ACTION ITEM: From the material below, return exactly the lines starting at the one that holds "ENGINE COMPLETE SET" and ending at the one that holds "ASMR CAP SOUNDS". Pictures stay out of the answer.

DATA SUPPLIED:

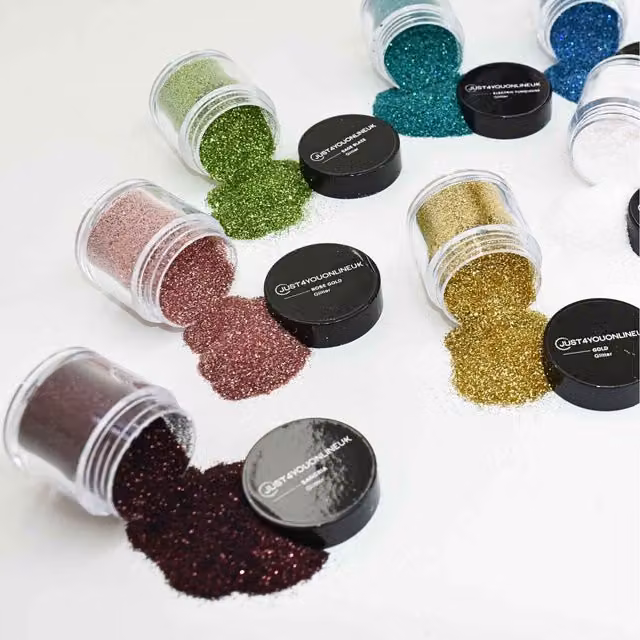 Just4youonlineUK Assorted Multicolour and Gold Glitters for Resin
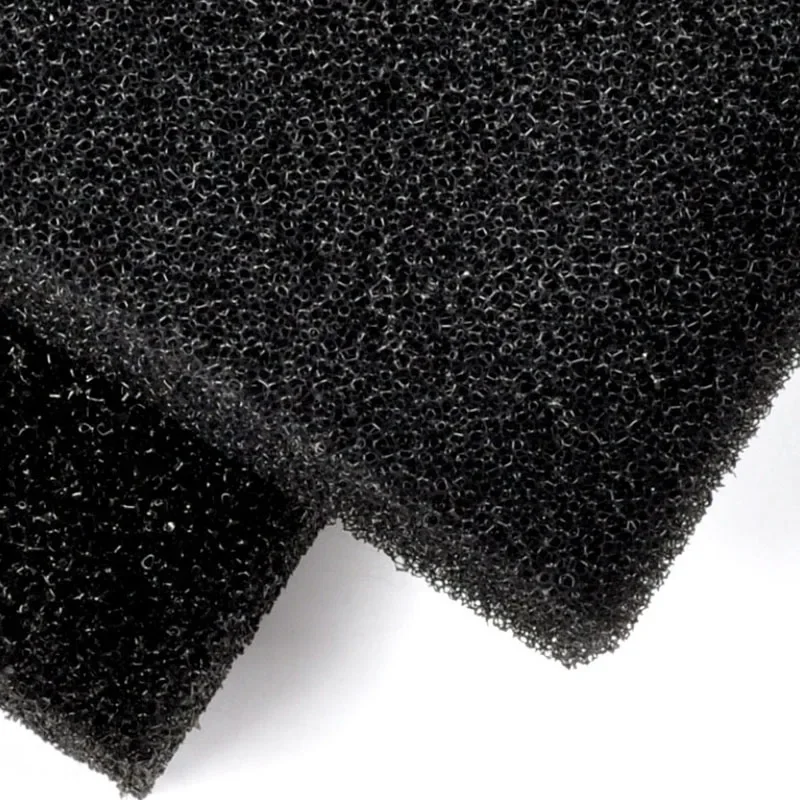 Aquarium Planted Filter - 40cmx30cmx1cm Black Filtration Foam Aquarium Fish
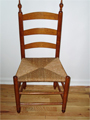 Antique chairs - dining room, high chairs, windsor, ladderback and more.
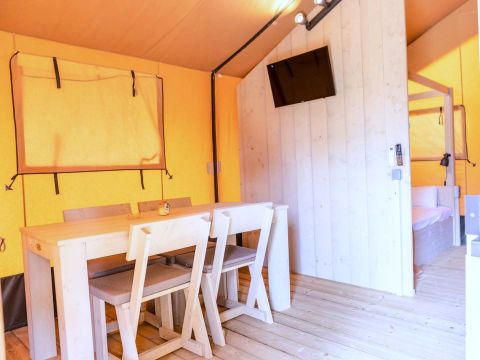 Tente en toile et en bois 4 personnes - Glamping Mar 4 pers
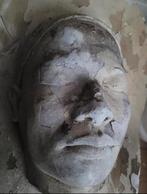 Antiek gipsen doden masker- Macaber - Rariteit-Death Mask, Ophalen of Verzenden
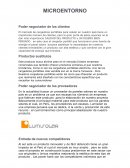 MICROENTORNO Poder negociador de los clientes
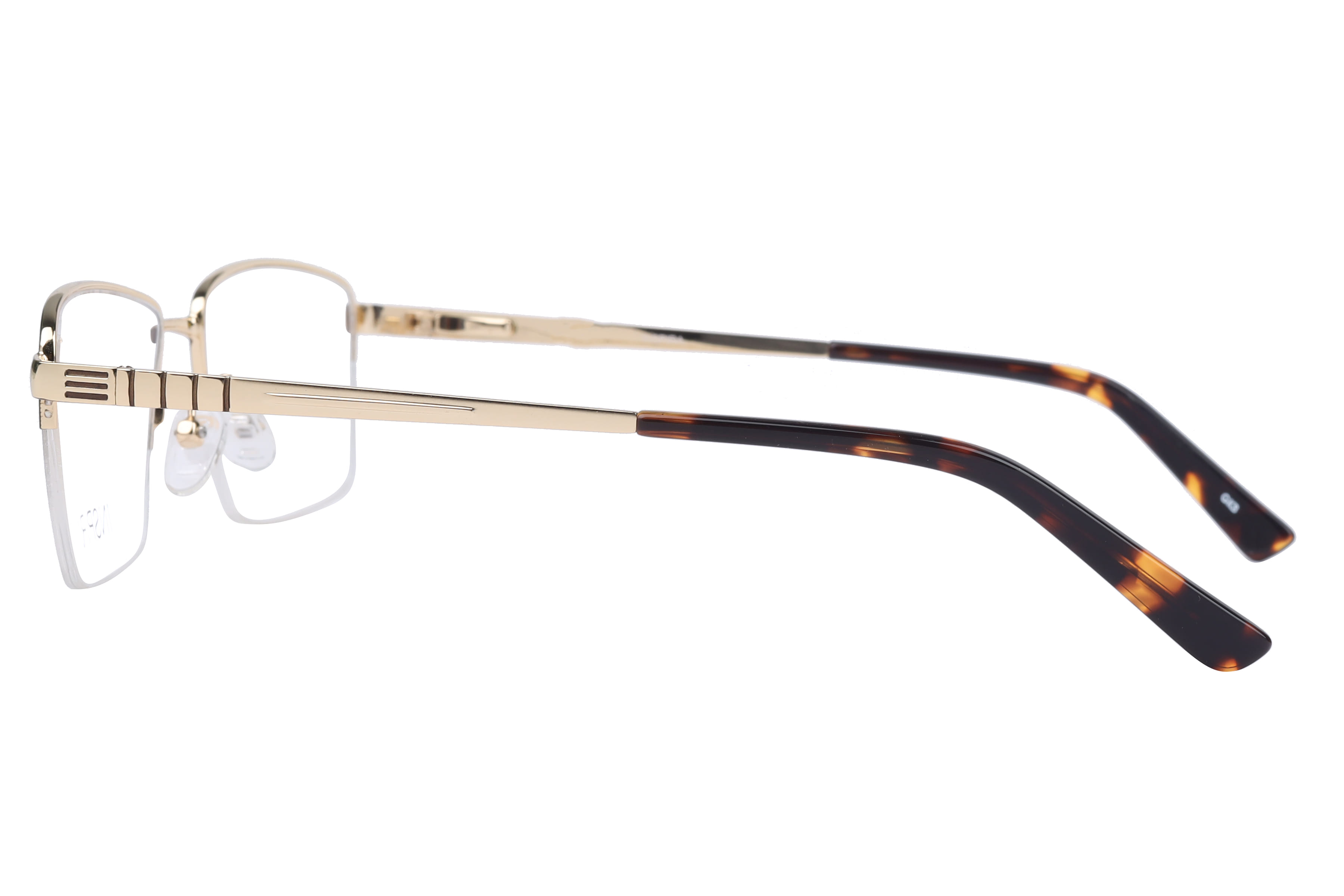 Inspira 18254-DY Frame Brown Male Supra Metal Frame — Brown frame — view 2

...

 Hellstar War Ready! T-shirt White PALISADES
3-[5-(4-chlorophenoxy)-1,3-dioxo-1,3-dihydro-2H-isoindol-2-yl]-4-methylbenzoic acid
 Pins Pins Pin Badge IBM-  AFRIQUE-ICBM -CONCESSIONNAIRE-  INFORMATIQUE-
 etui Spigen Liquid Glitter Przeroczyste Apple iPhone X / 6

--

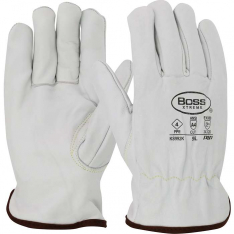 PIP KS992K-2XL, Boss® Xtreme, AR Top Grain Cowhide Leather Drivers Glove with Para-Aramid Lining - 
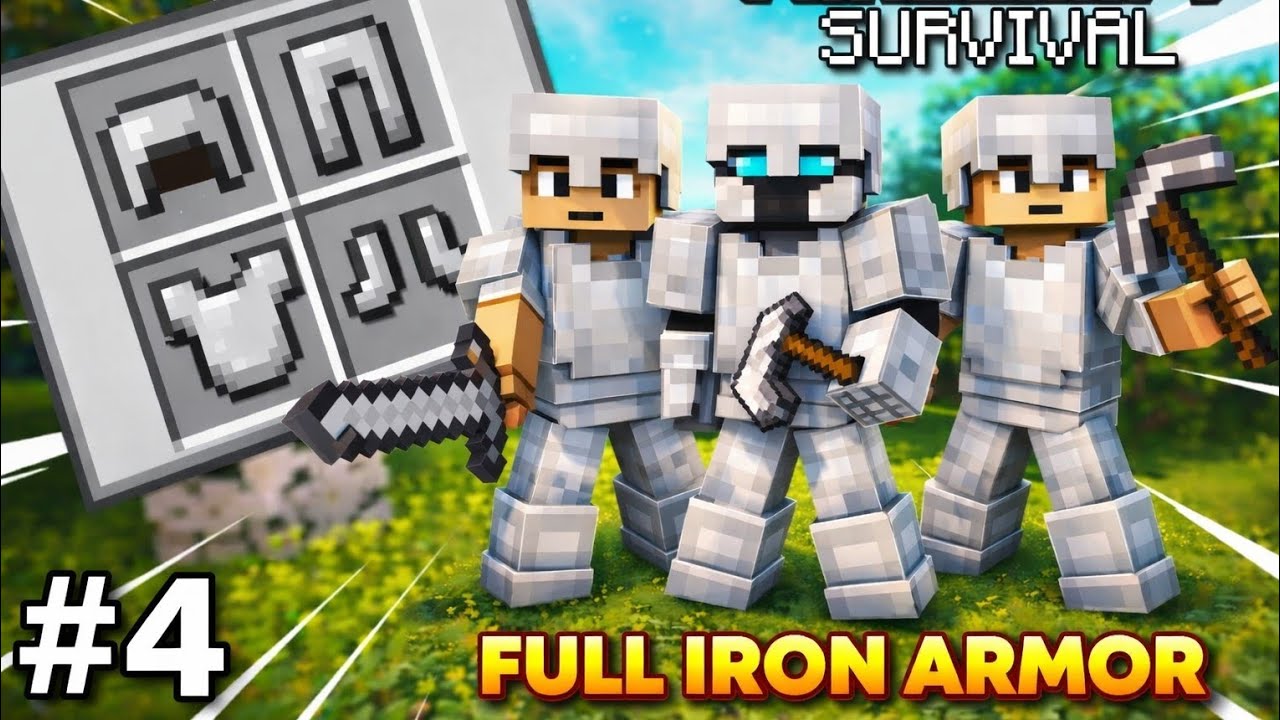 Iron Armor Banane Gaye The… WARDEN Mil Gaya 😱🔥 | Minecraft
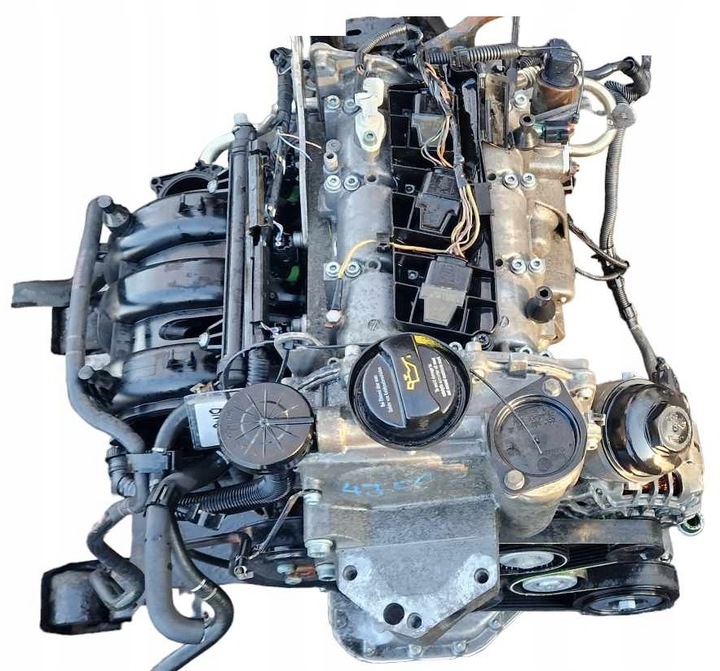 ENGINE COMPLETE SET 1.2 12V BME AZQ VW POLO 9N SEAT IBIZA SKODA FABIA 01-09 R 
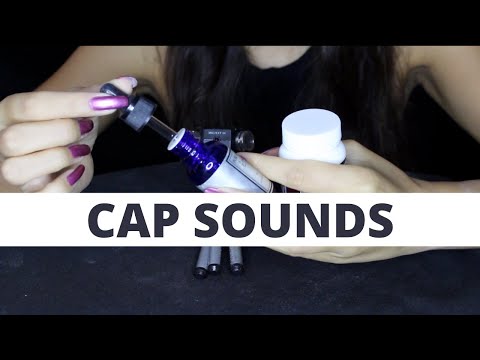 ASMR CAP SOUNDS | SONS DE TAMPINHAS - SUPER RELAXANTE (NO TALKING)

TASK RESULT:
 ENGINE COMPLETE SET 1.2 12V BME AZQ VW POLO 9N SEAT IBIZA SKODA FABIA 01-09 R 
 ASMR CAP SOUNDS | SONS DE TAMPINHAS - SUPER RELAXANTE (NO TALKING)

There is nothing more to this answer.